::: INFORMATION SHOWN :::

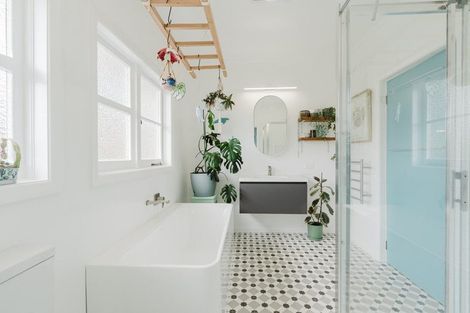 Photo of property in 37 Storey Avenue, Forest Lake, Hamilton, 3200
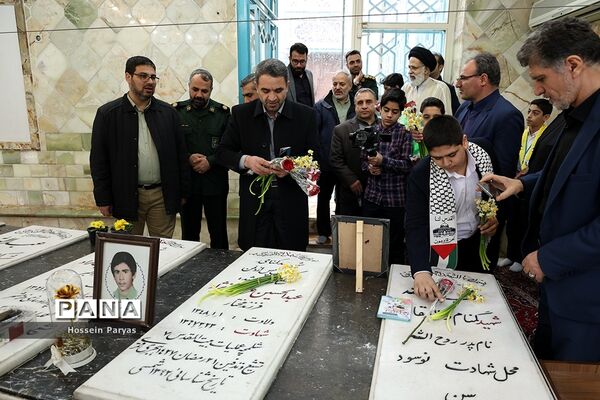 جشن تکلیف دانش‌آموزی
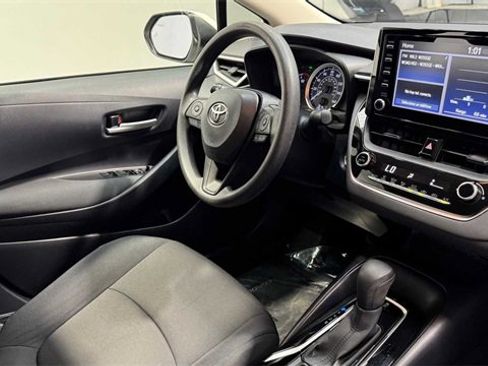 Used 2020 Toyota Corolla LE image 12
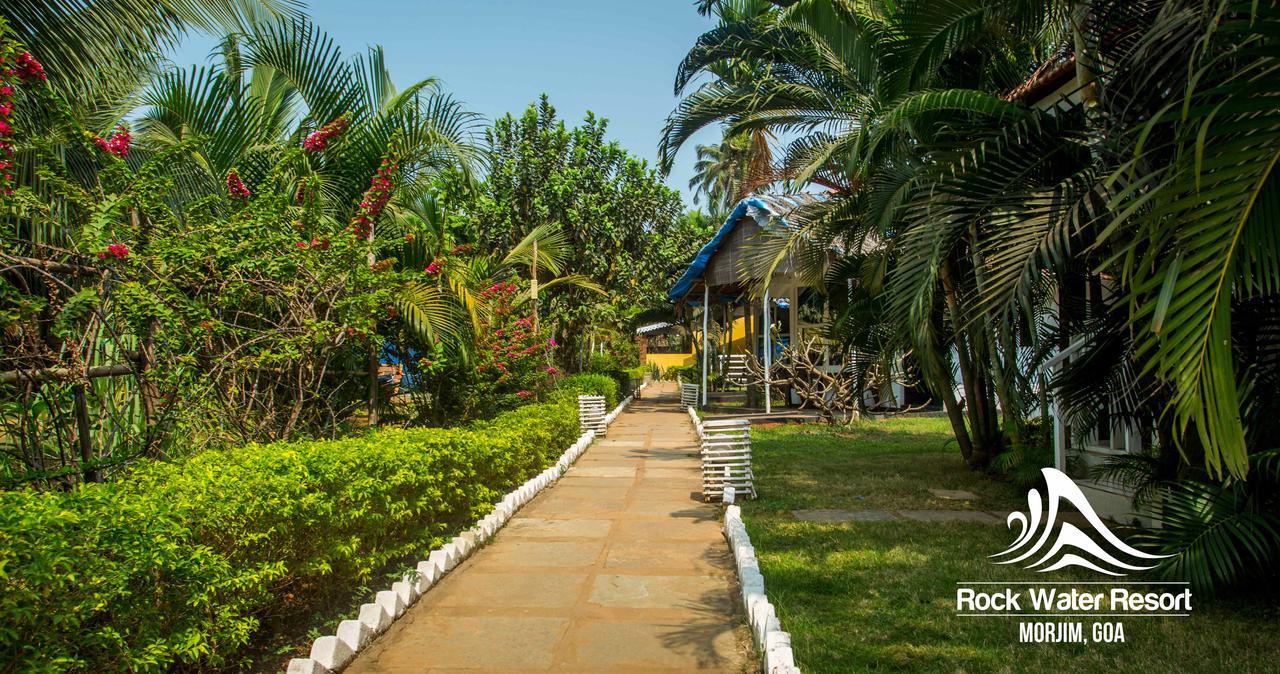 Rock Water Resort Morjim Exterior photo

:::

(AIM OF THE EXERCISE): Your task is to copy exactly the lines from the line containing "Used 2020 Toyota Corolla LE image 12" through the final line of the listing above and to omit every picture.

(ANSWER TO THIS PROBLEM):
 Used 2020 Toyota Corolla LE image 12
 Rock Water Resort Morjim Exterior photo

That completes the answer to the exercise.